The cost to the Owner of such reprogramming and testing and of the reasonably
foreseeable consequences of year 2000 to the Owner (including, without
limitation, reprogramming errors and the failure of others' systems or
equipment) will not result in an Event of Default. Except for such of the
reprogramming referred to in the preceding sentence as may be necessary, the
computer and management information systems of the Owner are and, with ordinary
course upgrading and maintenance, will continue for the term of the Loan to be,
sufficient to permit the Owner to conduct its business without material adverse
effect.
(y) Attached hereto as Schedule G is a full and complete list of all
properties previously owned by AMI Operating Partners L.P. (other than the
Mortgaged Property) which have been previously or shall be simultaneously
herewith conveyed to entities other than each of the entities compromising the
Owner.
(z) Attached hereto as Schedule H is a list of all of the Mortgaged
Properties subject to Property Improvement Plans ("PIP's") by the Franchisors.
Owner represents and warrants that it is not in default under any PIP and such
PIP's shall be completed on or before the completion dates set forth in the
applicable PIP.
11. SINGLE PURPOSE ENTITY; AUTHORIZATION
(a) Owner covenants and agrees that it has not and shall not and agrees
that its general partner(s), or managing member(s), as the case may be (each, a
"Principal") shall not:
(i) with respect to each Owner, engage in any business or activity
other than the ownership, leasing, operation, use and maintenance of the
applicable Mortgaged Property, if any, and activities incidental thereto,
and with respect to each Principal, engage in any business or activity
other than the ownership of its interest in Owner and such activities as
are directly related to its acting as the Principal of Owner;
(ii) with respect to Owner, acquire or own any material assets other
than (A) the Mortgaged Property, if any, and (B) such incidental Personal
Property as may be necessary for or related to the operation of the
Mortgaged Property, if any, and with respect to each Principal, acquire or
own any material assets other than its ownership interest in the applicable
Owner and such incidental Personal Property as may be necessary in
connection therewith;
(iii) merge into or consolidate with any person or entity or dissolve,
terminate or liquidate in whole or in part, transfer or otherwise dispose
of all or substantially all of its assets or change its legal structure,
without in each case Lender's consent;
(iv) fail to preserve its existence as an entity duly organized,
validly existing and in good standing (if applicable) under the laws of the
jurisdiction of its organization or formation, or without the prior written
consent of Lender, (A) amend, modify, terminate or fail to comply with the
provisions of Owner's partnership agreement, articles or certificate of
incorporation, certificate of organization, operating agreement or similar
organizational documents, as the case may be, or of Principal's partnership
agreement, articles or certificate of incorporation, certificate of
organization, operating agreement or similar organizational documents, as
the case may be, whichever is applicable or (B) violate the assumptions
contained in that certain non-consolidation opinion dated the date hereof
and delivered by Xxxxxxx Xxxxxx Xxxxxx Xxxxxxxx Xxxxxxxx & Xxxxxxxxx, P.A.

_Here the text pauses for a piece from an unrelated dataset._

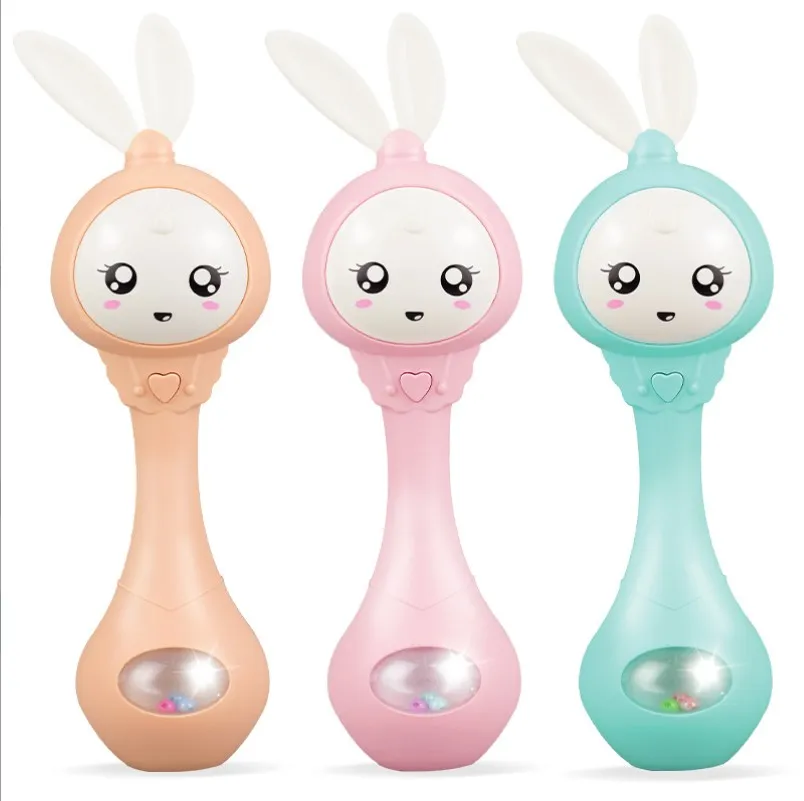 Baby Music Flashing Teether Rattle Toys Rabbit Hand Bells Mobile Spädbarn Pacifier Weep Tear Newborn Early Educational Leksaker 0-12m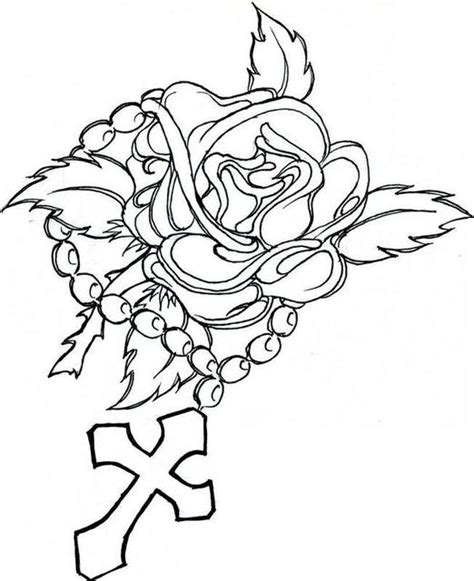 cross  roses coloring pages iremiss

to Lender and the Rating Agencies;
(v) own any subsidiary or make any investment in, any person or entity
without the consent of Lender;
(vi) except as set forth in Section 66(a)(i) hereof, commingle its
assets with the assets of any of its general partners, managing members,
affiliates, principals or of any other person or entity;
(vii) With respect to Owner, incur any debt, secured or unsecured,
direct or contingent (including guaranteeing any obligation), other than
the Debt and the Permitted FF&E Financing except in the ordinary course of
its business of
owning and operating the applicable Mortgaged Property, if any, provided
that such debt (A) is paid within 60 days of the date it is incurred, (B)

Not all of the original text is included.